A less frequently used regimen is quadruple therapy, consisting of bismuth plus metronidazole, tetracycline, and a PPI administered for 10 days. It has been suggested as an alternative to PPI triple therapy. The most recent US study of quadruple therapy, performed in 1999 and published in 2003, used a single-capsule preparation containing bismuth, tetracycline, and metronidazole. The H pylori eradication rate was 87.7% (n = 138; 95% CI, 82.2%-93.2%) and the results were not significantly different from the eradication rate with PPI triple therapy.⁷ With changes in resistance rates, these data may not be valid almost a decade later.
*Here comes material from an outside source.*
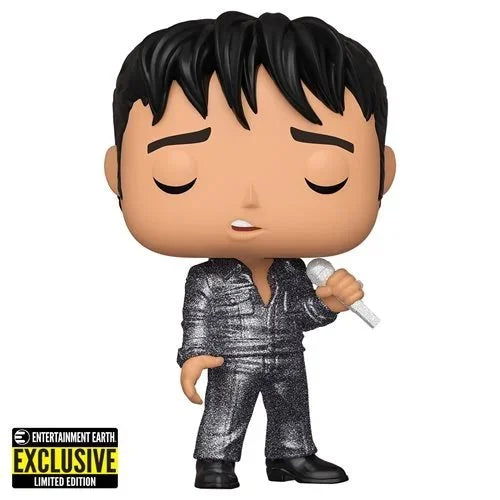 Elvis Presley 1968 Comeback Special Diamond Glitter Pop! Vinyl Figure #188 - Limited Edition Collectible for Music Fans & Home Decor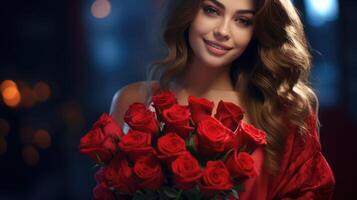 Pretty woman holding a beautiful bouquet of red roses. AI Generated photo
Sequential Therapy . Sequential therapy is a novel approach for H pylori treatment and consists of 10 days of treatment with a PPI, plus amoxicillin for the first 5 days and a combination of clarithromycin and tinidazole for the second 5 days (Box).⁸ Sequential therapy is based on observations made when 2-drug therapies (PPI plus amoxicillin) were the standard of care for treating H pylori.⁹ The combination of PPI and amoxicillin led to many treatment failures and the eradication rate achieved with a therapeutic strategy of initially administering 14-day dual therapy (PPI plus amoxicillin) followed by 7-day triple therapy in individuals in whom the original therapy failed was significantly greater than the reverse sequence (7-day triple therapy as an initial strategy with 14-day dual therapy for failures).⁹ In a study involving 300 patients with H pylori infection who were randomized to sequential therapy or triple therapy, the eradication rate with the sequential regimen was statistically significantly greater than with the standard treatment regimen for the intention-to-treat analysis: 89% (95% CI, 83.6%-93.7%) vs 77% (95% CI, 70.6%-84.0%; P = .01).¹⁰ A series of randomized controlled trials from Italy have shown that eradication rates are high with this approach.⁸ A recent meta-analysis of 10 trials found an eradication rate of 93.4% (95% CI, 91.3%-95.5%) with sequential therapy compared with an eradication rate of 76.9% (95% CI, 71%-82.8%) with PPI triple therapy, despite publication bias.¹¹

Preliminary data from open-label studies in Spain¹² (n = 139; eradication rate, 84.2%; 95% CI, 77%-90%) and Taiwan¹³ (n = 129; eradication rate, 89% [95% CI not provided]) appear to confirm the results of previous studies.^{8 - 10} A noteworthy finding is that the sequential therapy regimen appears to be effective in patients with documented clarithromycin resistance. In the largest trial reported to date (n = 300), the eradication rate was 89% in patients with H pylori infection that was resistant to clarithromycin who were treated with sequential therapy (n = 9) compared with 29% among those treated with triple therapy (n = 21).¹⁰ Adverse effects were comparable with the 2 treatment regimens (17% in both), and the cost of the new treatment regimen was lower than triple therapy because clarithromycin was used for a shorter period and the other antimicrobials are available as generics.¹⁰ The complexity of the sequential therapy regimen is a potential disadvantage, but adherence in clinical trials and routine clinical practice was comparable with triple therapy.^{10 ,12}

Other Treatment Strategies . Two other antimicrobials have been suggested as potential agents for treatment of H pylori infections when initial therapy fails (salvage strategies). These are levofloxacin and rifabutin. Levofloxacin has been used in triple therapy (in combination with a PPI and amoxicillin) as a salvage regimen when conventional therapy fails.¹⁴ Resistance develops rapidly, however, and recent reports suggest that resistance rates may already be high, limiting the potential use of levofloxacin as a frontline treatment.² Rifabutin has a role as a salvage agent among patients in whom eradication therapy with other regimens has failed and who have multidrug-resistant strains.¹⁵

Traditional therapies for H pylori infection are failing as resistant strains of H pylori become more prevalent. Sequential therapy is a novel treatment approach that deserves consideration as a treatment strategy for H pylori infection.